Task directions >> A precise copy of the data is required, with every picture left out.

•••••

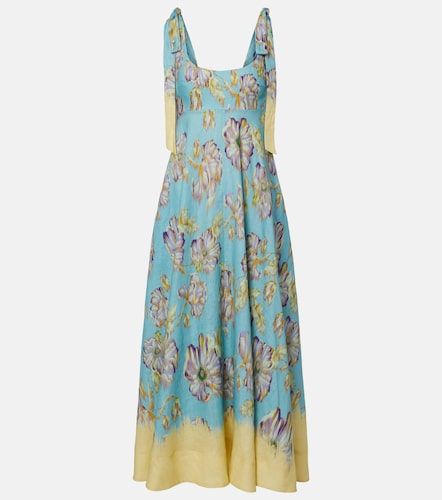 Alémais Robe midi Jerry en lin à fleurs - Alemais - Modalova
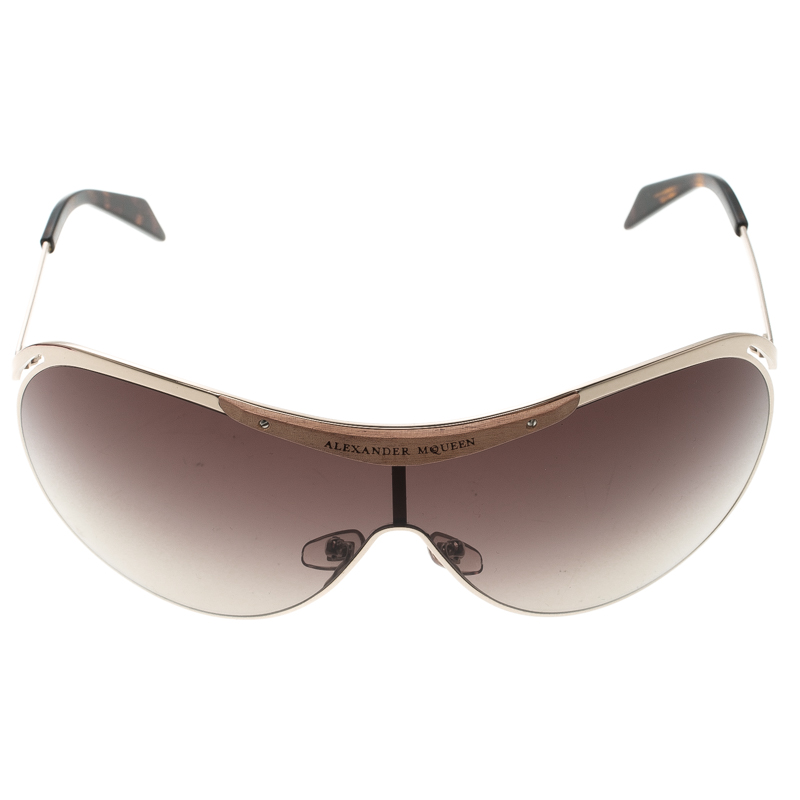 

Alexander McQueen Gold/Brown Gradient 4158/S Shield Sunglasses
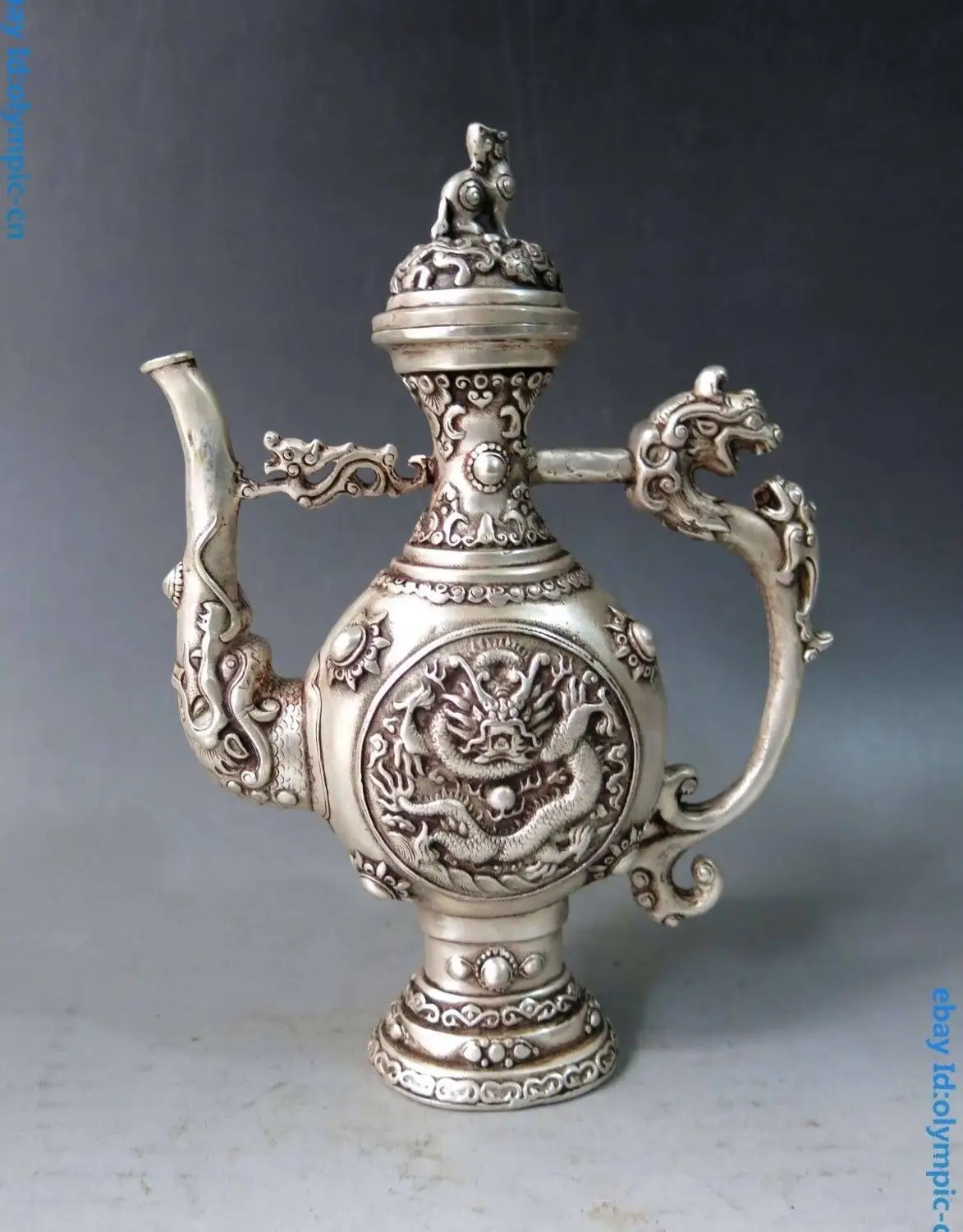 

9" China silver carved Foo Dogs Lion dragon play bead Flagon wine pot Statue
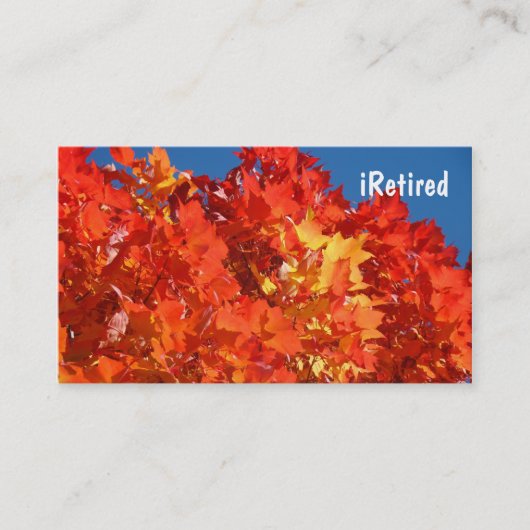 iRetired 名刺 人生を愛し楽しむ (正面)
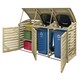 image 1 of Rowlinson Timber Double Bin Store With Single Box Store Brown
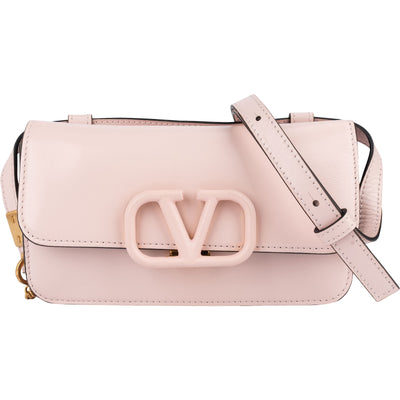 Valentino Garavani Pink Leather Vlogo Crossbody Bag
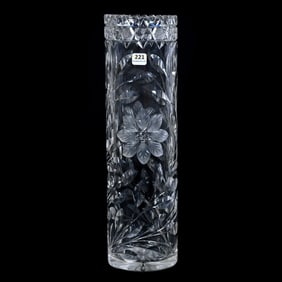 Cylinder Vase, American Brilliant Cut Glass, Engraved Floral Pattern, Button Border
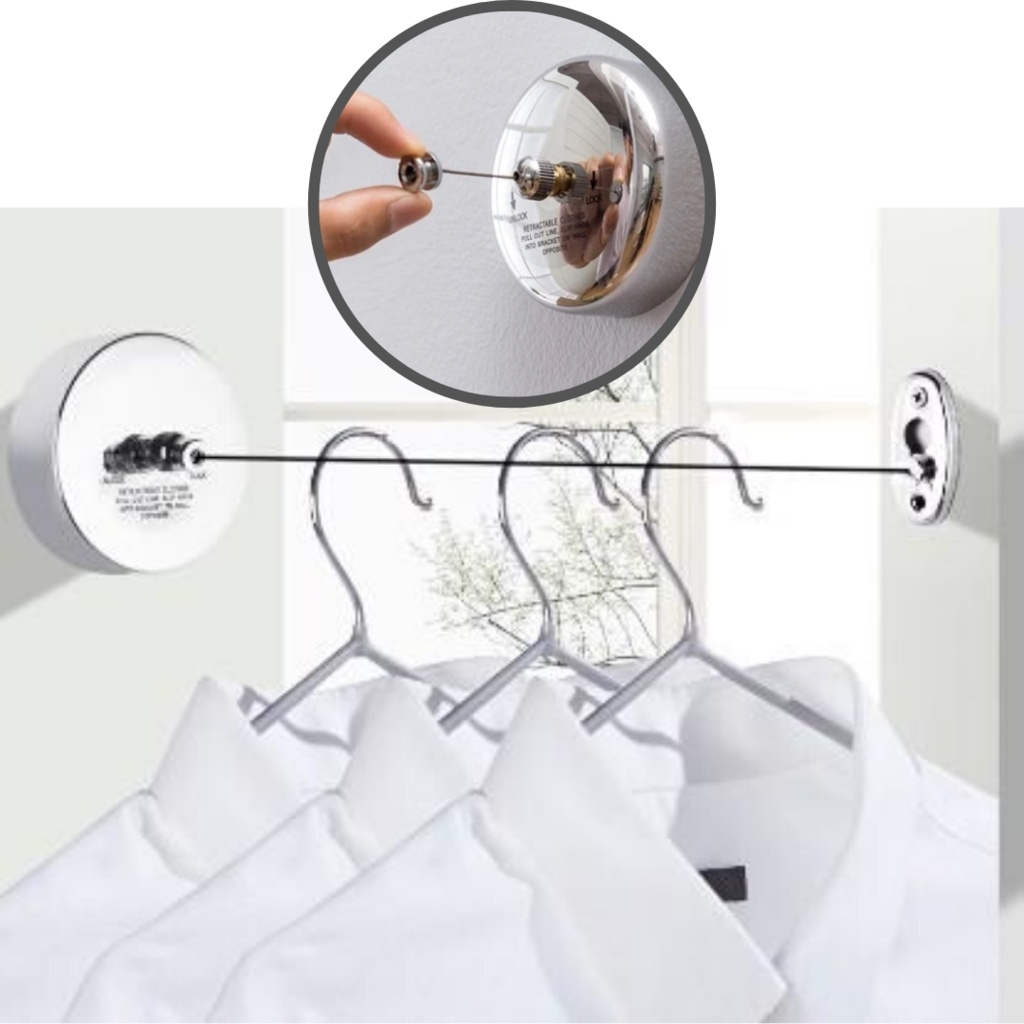 Varal Retrátil Inox de Parede Banheiro Lavanderia DL100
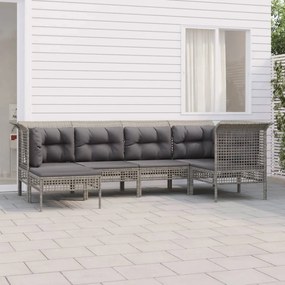 Set divani da giardino 6 pz con cuscini in polyrattan grigio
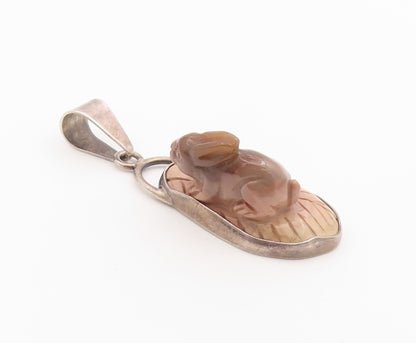 925 Sterling Silver Vintage Pendant OBSIDIAN Jasper Carved Rabbit  PT26371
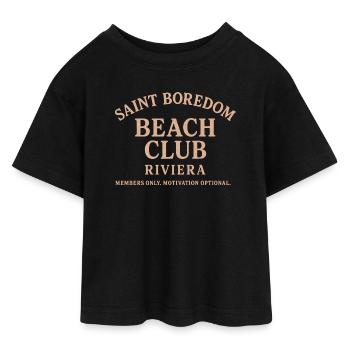 Saint Boredom Beach Club Riviera - T-shirt Crop Top en jersey Ado - noir - Devant - AI Model Teenager Female light (150cm)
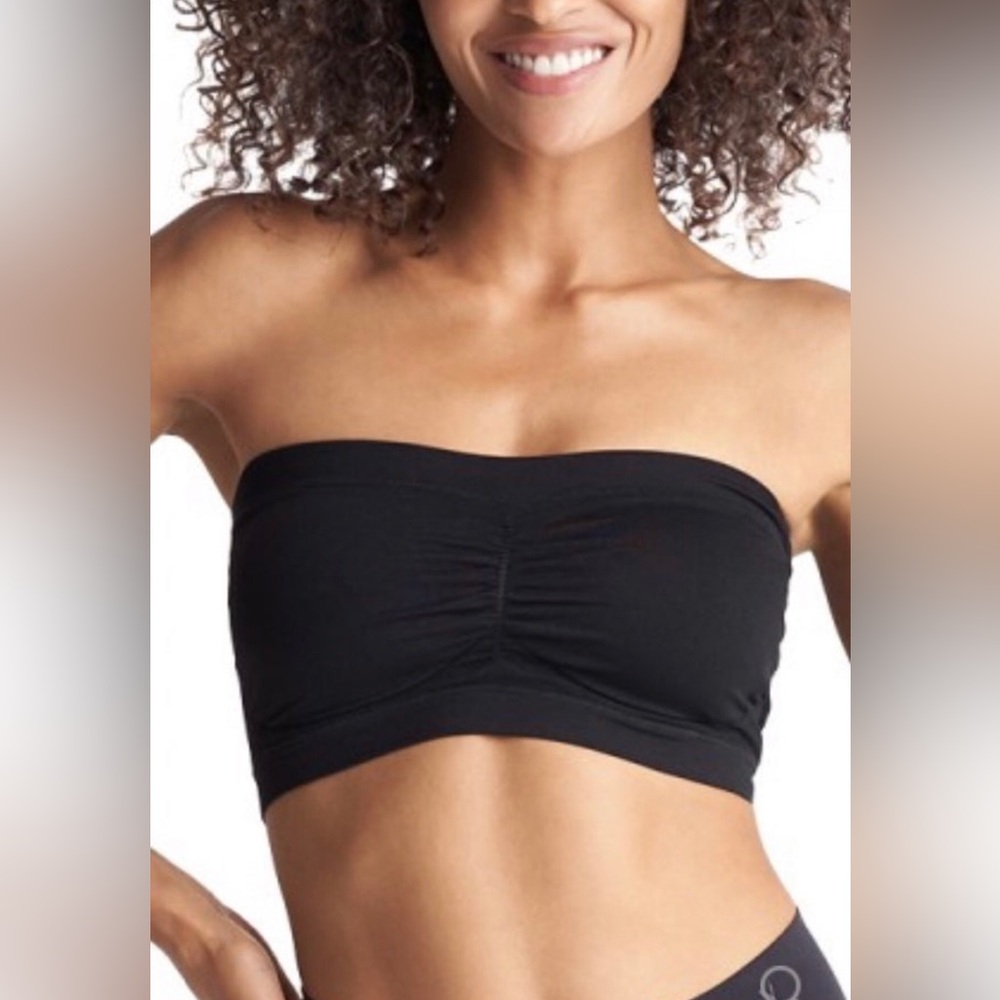 Yummie Wire Free Strapless Bra Bandeau Removable Pads Comfort Wide Black L / XL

•••••

Output for this exercise >>
 Alémais Robe midi Jerry en lin à fleurs - Alemais - Modalova

Alexander McQueen Gold/Brown Gradient 4158/S Shield Sunglasses

9" China silver carved Foo Dogs Lion dragon play bead Flagon wine pot Statue
 iRetired 名刺 人生を愛し楽しむ (正面)
 image 1 of Rowlinson Timber Double Bin Store With Single Box Store Brown
 Valentino Garavani Pink Leather Vlogo Crossbody Bag
 Cylinder Vase, American Brilliant Cut Glass, Engraved Floral Pattern, Button Border
 Varal Retrátil Inox de Parede Banheiro Lavanderia DL100
 Set divani da giardino 6 pz con cuscini in polyrattan grigio
 925 Sterling Silver Vintage Pendant OBSIDIAN Jasper Carved Rabbit  PT26371
 Saint Boredom Beach Club Riviera - T-shirt Crop Top en jersey Ado - noir - Devant - AI Model Teenager Female light (150cm)
 Yummie Wire Free Strapless Bra Bandeau Removable Pads Comfort Wide Black L / XL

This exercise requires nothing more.